DesignerMind DesignerMind - 7 months ago 35
SQL Question

Warning: mysqli_select_db() expects exactly 2 parameters, 1 given in C:\

I'm doing a tutorial in which the author has not updated his content to reflect changes in the PHP documentation. Anyways, I need to know what is parameter is being asked of me to provide. I've checked that all things are in order, but I literally don't know what I'm supposed to provide. Here's what I have:

Connects.php

<?php
$connect_error = 'Sorry, we\'re experiencing connection issues.';
$con = mysqli_connect('localhost', 'root', 'PwdSQL5');
mysqli_select_db('phpcadet') or die($connect_error);
?>


And yet I get the error: enter image description here

Edit: After figuring out to resovle the Connects.php issue, here's why I get when fixed it... more errors and here's my code.
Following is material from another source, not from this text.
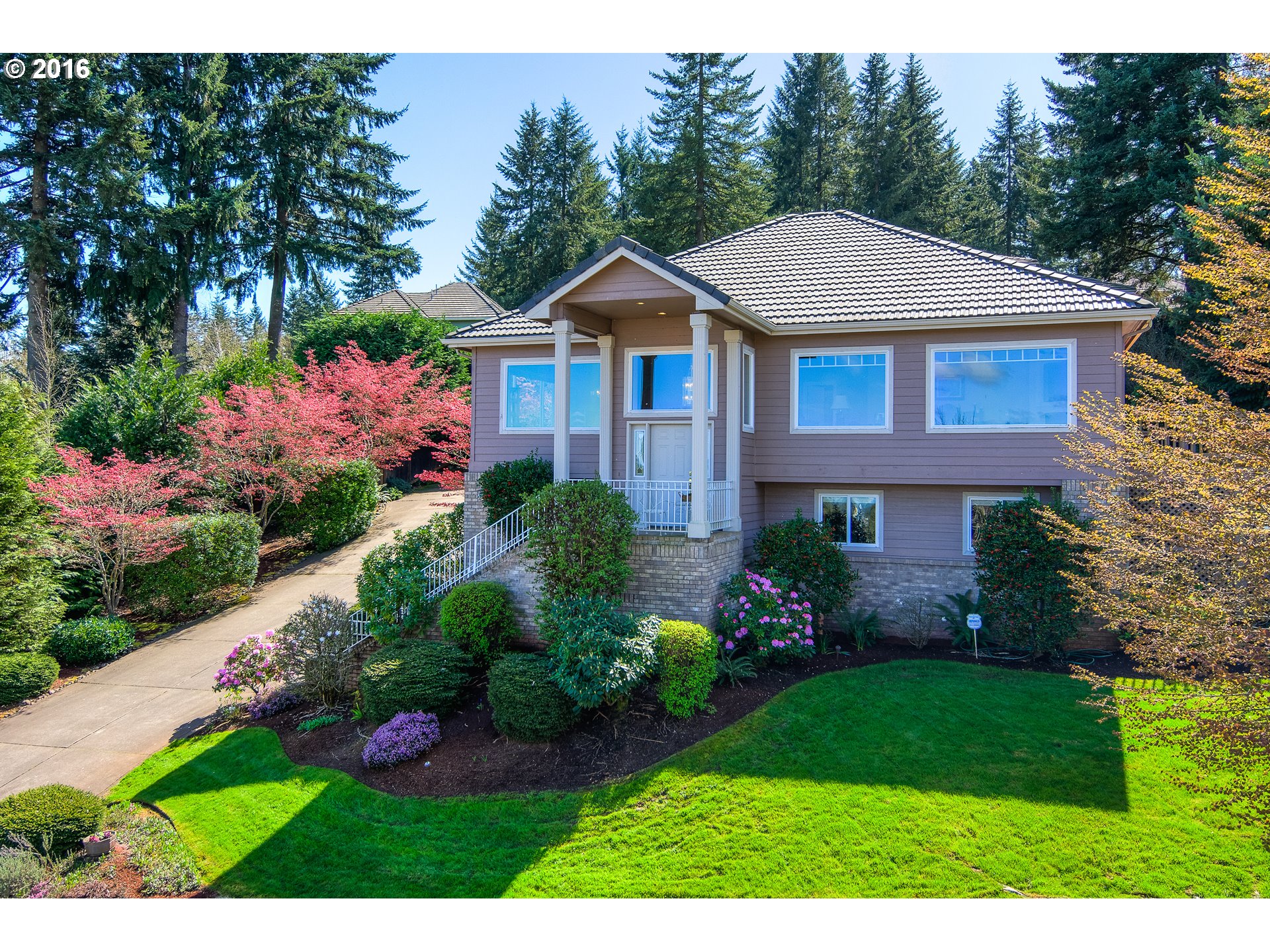 3332 Southview Dr, Eugene, OR 97405 photo 1
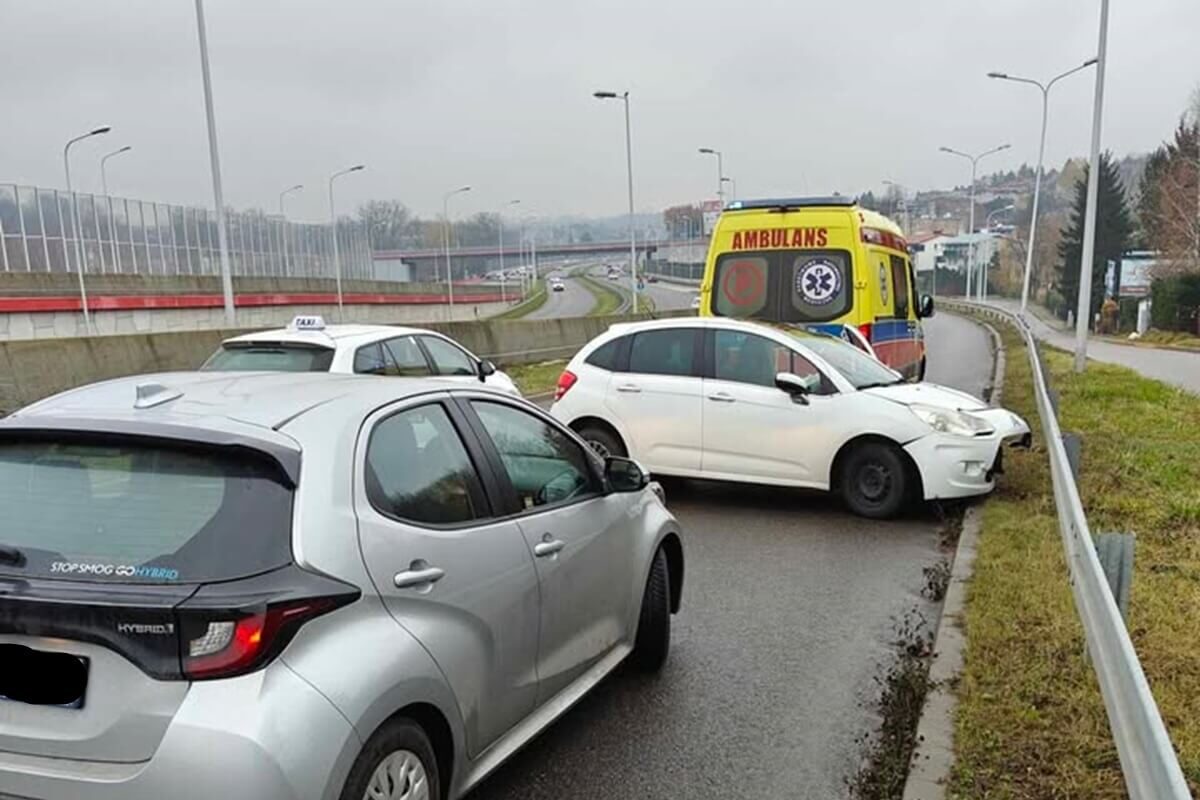 Kierująca citroenem uderzyła w betonową barierę na łuku jezdni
Remember I'm new to PHP and am following a poorly done tutorial.

Warning: mysqli_real_escape_string() expects parameter 1 to be mysqli, string given in C:\vhosts\phpcadet\core\functions\general.php on line 4

General.php

<?php
function sanitize($data)
{
return mysqli_real_escape_string($data, 'What goes here?');
}
?>


Then this: Warning: mysqli_query() expects parameter 1 to be mysqli, string given in C:\vhosts\phpcadet\core\functions\users.php on line 7

Users.php

<?php
require 'core/database/connects.php';

function user_exists($username)
{
$username = sanitize($username);
$query = mysqli_query($_POST['username'], "SELECT * FROM users");
$row = mysqli_fetch_array($query);

if($row['username']==$username)
{
echo "Welcome, $username!";
return true;
}
else echo "Please enter a valid username and password";
return false;
}

function user_active($username)
{
$username = sanitize($username);
$query = mysqli_query($_POST['username'], "SELECT * FROM users");
$row = mysqli_fetch_array($query);

if($row['username']==$username && $row['active']==1)
{
echo "Welcome, $username!";
return true;
}
else echo "Your username and password could not be verified.";
return false;
}
?>


And finally this: Warning: mysqli_fetch_array() expects parameter 1 to be mysqli_result, null given in C:\vhosts\phpcadet\core\functions\users.php on line 8

See same code above

Some of my code is a compilation of other answers to solve issues with the lesson, and were found on Stack. Due to inconsistecy of them, it makes it hard for me to pick up what is going on... Coming from a different language, I not that familiar here, and just need the help, so it all clicks. Then I'll have "understanding" of what the manual is saying. Thanks.

Answer

mysqli_select_db() should have 2 parameters, the connection link and the database name -

mysqli_select_db($con, 'phpcadet') or die(mysqli_error($con));

Using mysqli_error in the die statement will tell you exactly what is wrong as opposed to a generic error message.